Psaki
© Leah Mills/ReutersWhite House Press Secretary Jen Psaki
White House press secretary Jen Psaki said Sunday that reporters would soon be granted access to Border Patrol facilities sheltering unaccompanied minors.

Psaki's comment came in response to questions from Chris Wallace on Fox News Sunday over the administration's lack of transparency around the facilities, which are required, by law, to transfer children to HHS shelters in under 72 hours. In recent weeks, as the number of unaccompanied minors in Border Protection and Health and Human Services custody has swelled to more than 18,000, some children have been held in the processing centers for as long as ten days.

Psaki said that the Biden administration was "absolutely committed" to allowing reporters and cameras into the facilities. "We want to provide access into the Border Patrol facilities. We are mindful that we are in the middle of the pandemic, we want to keep the kids safe, we want to keep the staff safe."

Wallace accused the White House of being "less transparent than the Trump administration" regarding media access at the facilities, to which Psaki responded that the administration is "committed to allowing cameras into Border Patrol facilities."

However, Senator Mike Braun (R., Ind.) on Saturday said a Biden official asked a group of Republican senators who visited the southern border to delete photos they had taken of the overcrowded conditions at a migrant processing and holding center they toured one day earlier in Donna, Texas.

Braun told the Washington Examiner:
"There was one of Biden's representatives.

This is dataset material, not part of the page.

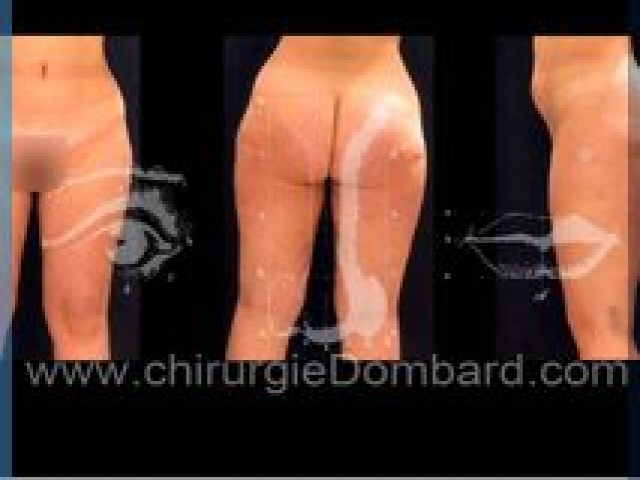 Liposculpture (liposuccion) Culotte Bas des fesses face interne - lipofilling fesses - DR Dombard Bruxelles Belgique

I felt sorry for the lady because she actually talked to me about deleting a picture, but by the time she got to me, all those other pictures were taken, and that shows you the hypocrisy."
Photos showed children sleeping on the ground on mats and migrants crowded into enclosed pods.

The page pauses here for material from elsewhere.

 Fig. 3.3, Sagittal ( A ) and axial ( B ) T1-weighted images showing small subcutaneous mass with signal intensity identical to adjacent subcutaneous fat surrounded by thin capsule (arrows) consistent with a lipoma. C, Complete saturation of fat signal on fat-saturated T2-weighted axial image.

In response to a question about the growing number of minors in Border Patrol and HHS custody, Psaki noted that the Biden administration's "objective is to take a different approach than the last administration."

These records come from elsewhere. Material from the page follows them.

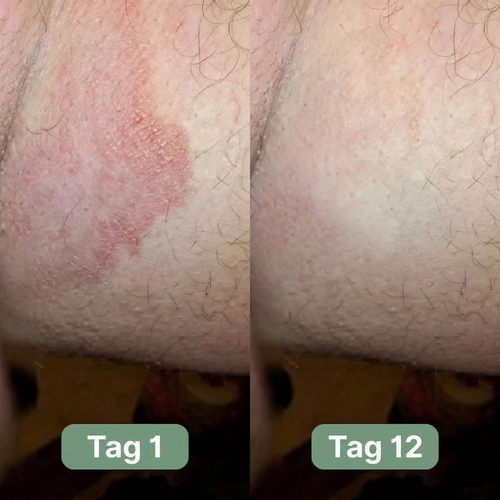 Movelina® SoftCare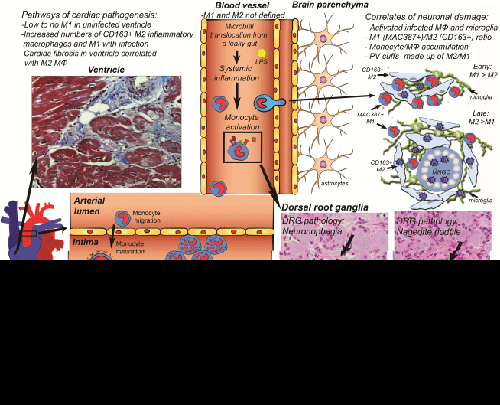 macrophages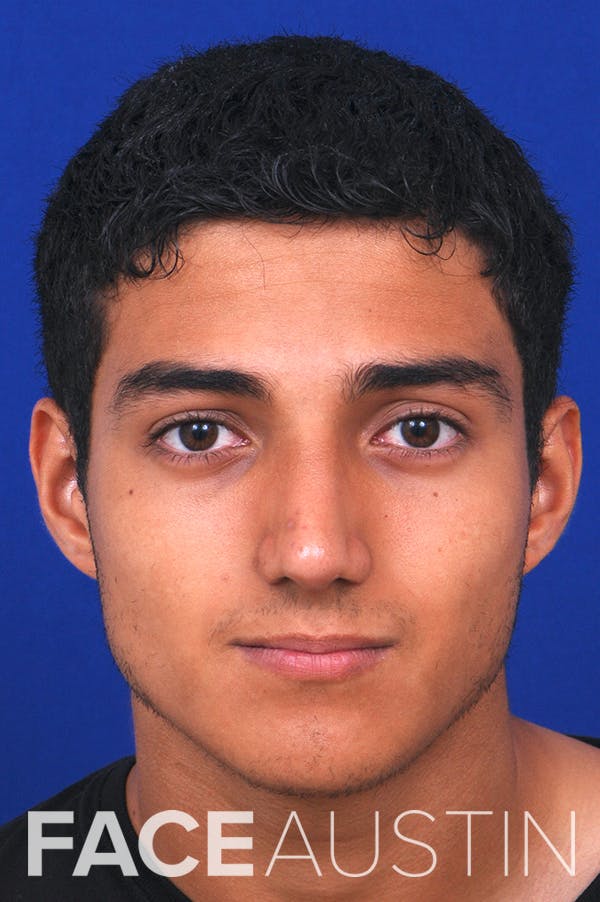 Rhinoplasty Before & After Gallery - Patient 24221120 - Image 6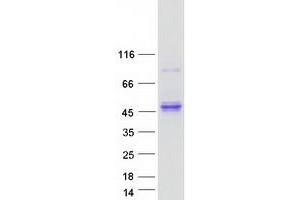 Validation with Western Blot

She said that the Trump administration returned a number of young children back to unsafe situations.
"What we're really talking about is children, and we're handling that in the most humane...way. It does not mean they get to stay in the United States, it means their cases are adjudicated."
Psaki's comments come one week after Department of Homeland Security Secretary Alejandro Mayorkas underscored the Biden administration's messaging to migrants that the southern border is closed, though he noted that it would not expel "vulnerable children."
"Our message has been straightforward and simple and it's true: The border is closed. We are expelling families, we are expelling single adults and we've made a decision that we will not expel young vulnerable children."